**TASK GOAL**
Output range, inclusive: from the line containing "Miniatura 2 de" to the line containing "95AA Kleine Hout". Restate those lines from the data below word for word and only those.

**RECORD EXTRACTS**
= Beginning of Section =
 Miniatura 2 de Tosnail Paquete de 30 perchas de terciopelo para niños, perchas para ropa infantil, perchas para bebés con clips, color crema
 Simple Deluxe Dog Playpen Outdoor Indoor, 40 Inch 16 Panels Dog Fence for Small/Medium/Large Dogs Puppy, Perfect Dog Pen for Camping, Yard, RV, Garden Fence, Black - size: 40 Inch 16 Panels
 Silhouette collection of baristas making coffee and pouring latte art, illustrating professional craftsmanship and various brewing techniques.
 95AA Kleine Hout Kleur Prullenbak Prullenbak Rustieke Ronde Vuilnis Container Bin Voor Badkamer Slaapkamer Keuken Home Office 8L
= End of Section =
= Beginning of Section =
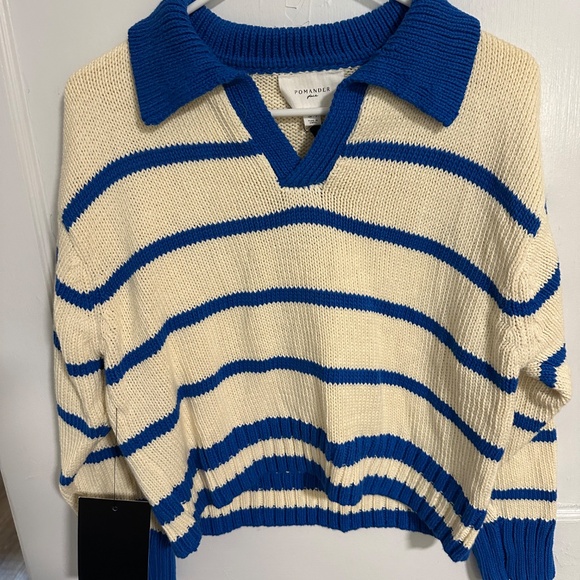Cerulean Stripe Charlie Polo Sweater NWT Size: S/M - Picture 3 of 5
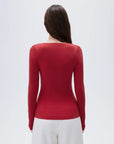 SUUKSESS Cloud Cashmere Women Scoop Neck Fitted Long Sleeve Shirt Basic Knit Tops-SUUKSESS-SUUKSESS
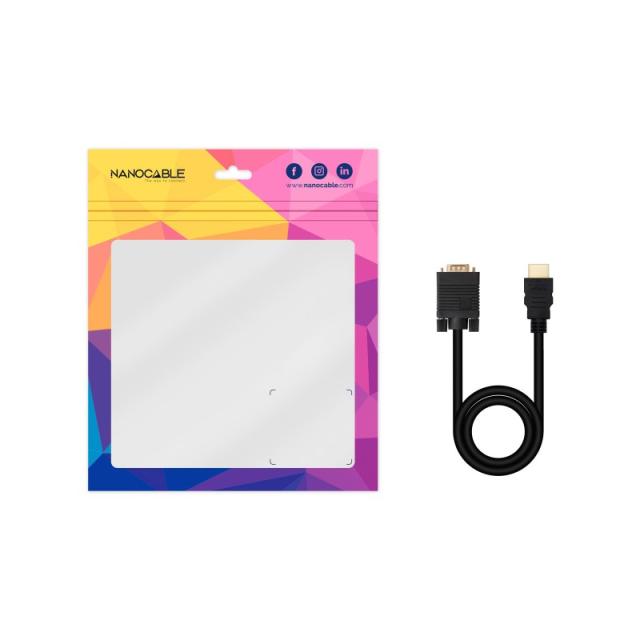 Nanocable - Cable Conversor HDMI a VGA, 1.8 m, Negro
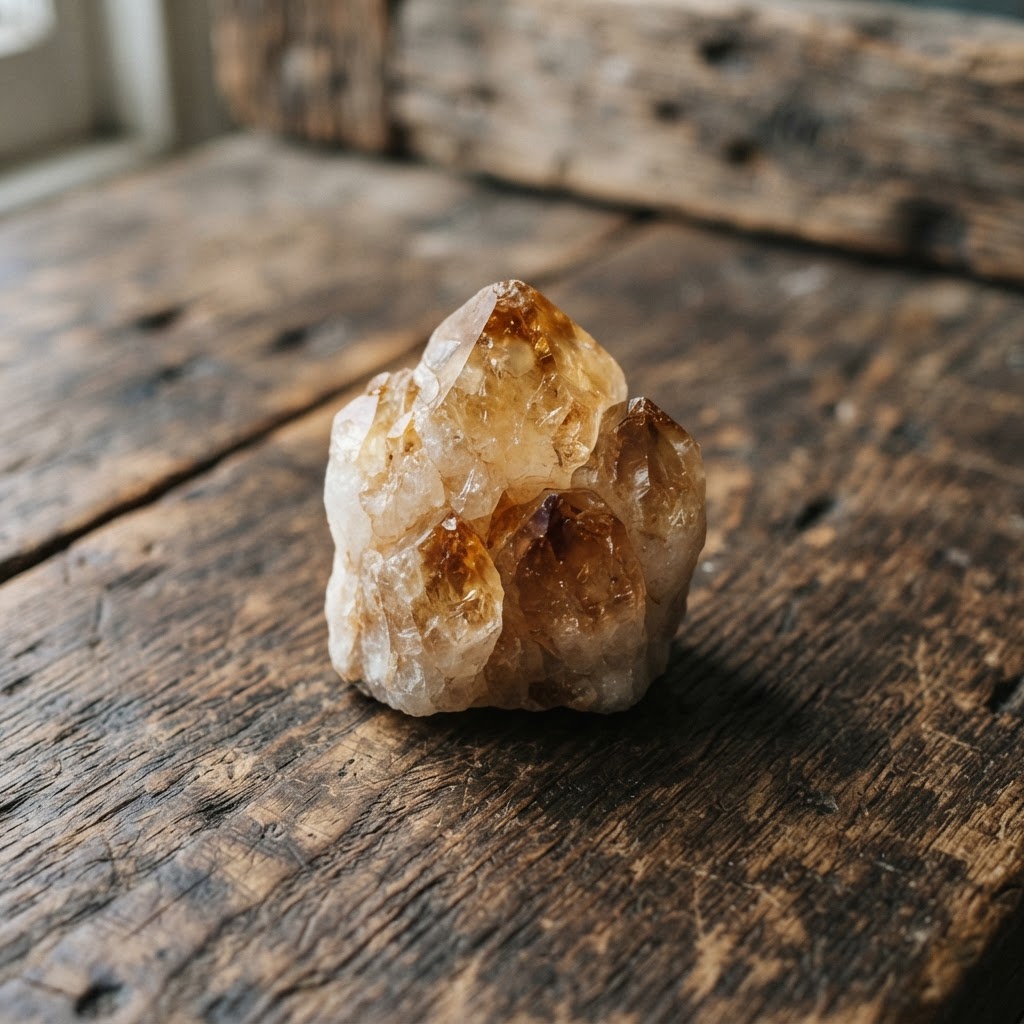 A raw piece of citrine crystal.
= End of Section =
= Beginning of Section =
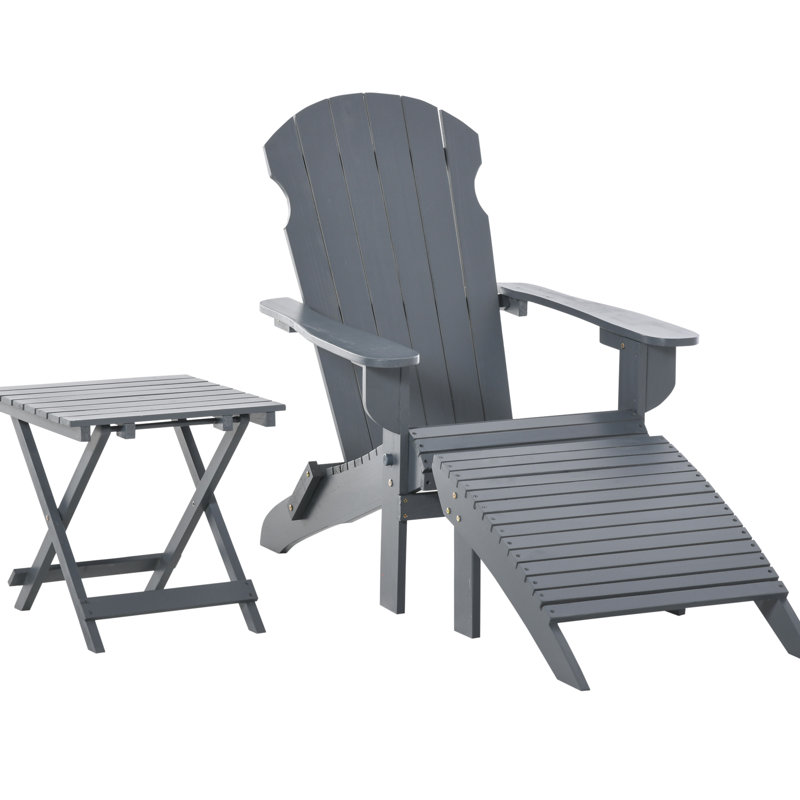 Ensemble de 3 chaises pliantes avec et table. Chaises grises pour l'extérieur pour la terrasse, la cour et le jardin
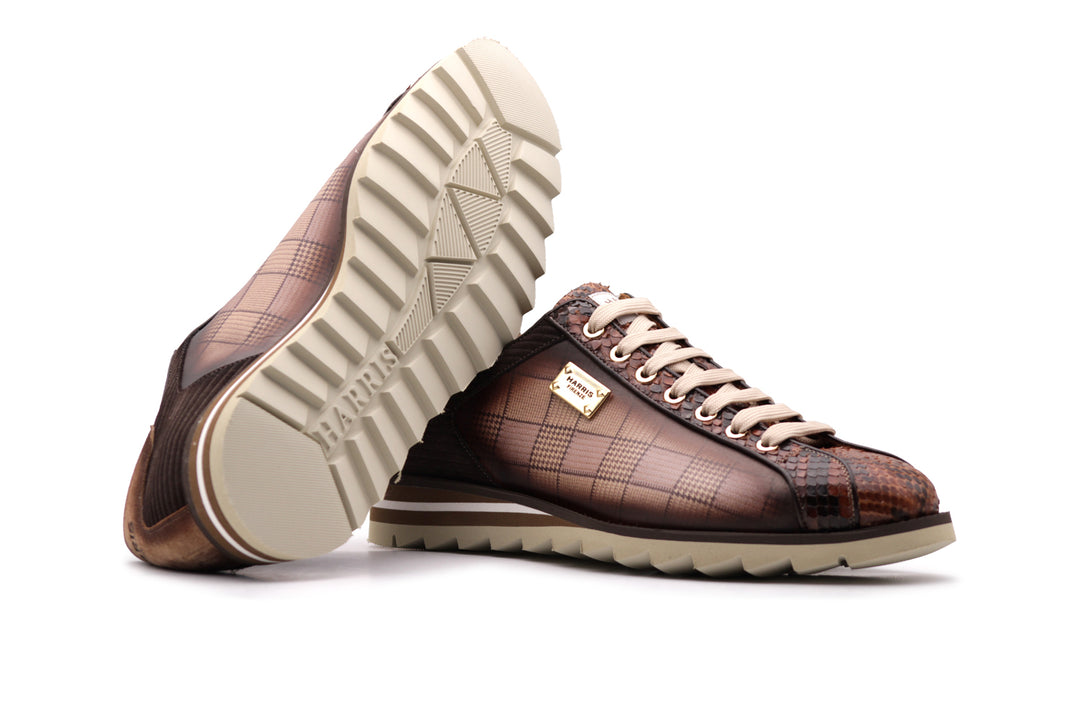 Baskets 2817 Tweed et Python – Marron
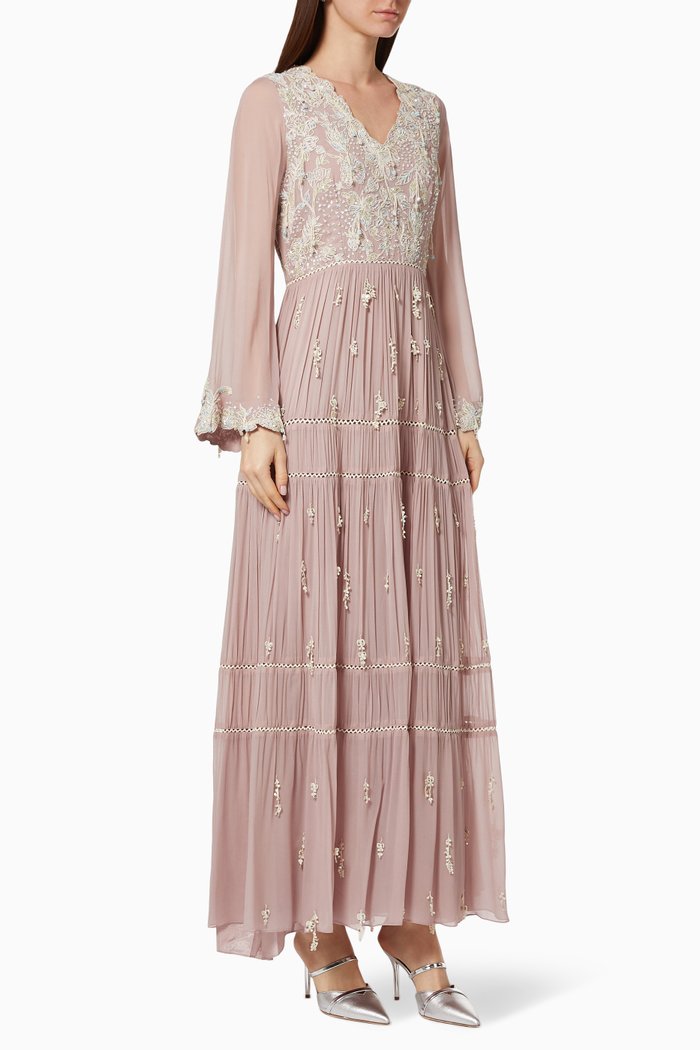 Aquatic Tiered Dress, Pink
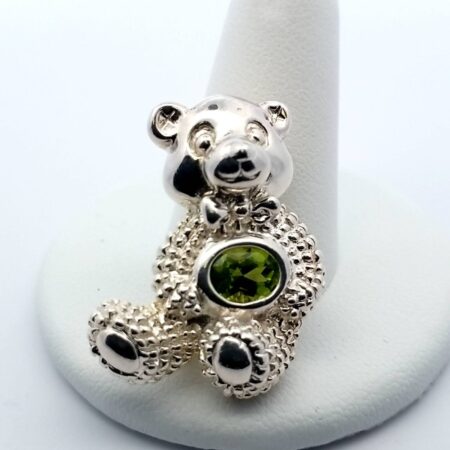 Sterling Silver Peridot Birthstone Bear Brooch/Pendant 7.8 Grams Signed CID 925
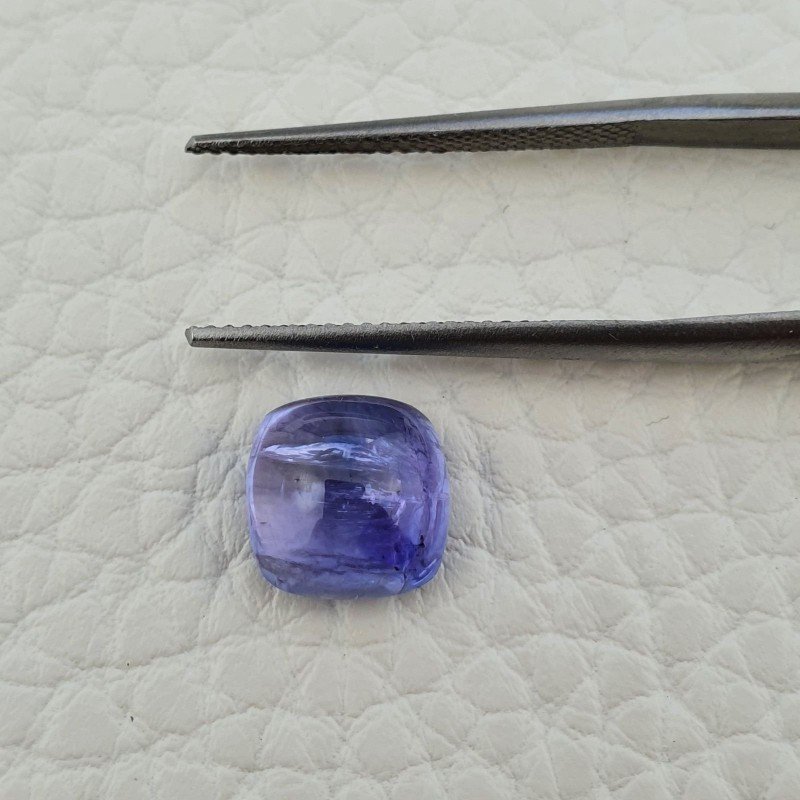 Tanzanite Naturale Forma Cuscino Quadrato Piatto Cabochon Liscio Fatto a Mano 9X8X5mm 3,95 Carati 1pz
= End of Section =
**TASK ANSWER**
 Miniatura 2 de Tosnail Paquete de 30 perchas de terciopelo para niños, perchas para ropa infantil, perchas para bebés con clips, color crema
 Simple Deluxe Dog Playpen Outdoor Indoor, 40 Inch 16 Panels Dog Fence for Small/Medium/Large Dogs Puppy, Perfect Dog Pen for Camping, Yard, RV, Garden Fence, Black - size: 40 Inch 16 Panels
 Silhouette collection of baristas making coffee and pouring latte art, illustrating professional craftsmanship and various brewing techniques.
 95AA Kleine Hout Kleur Prullenbak Prullenbak Rustieke Ronde Vuilnis Container Bin Voor Badkamer Slaapkamer Keuken Home Office 8L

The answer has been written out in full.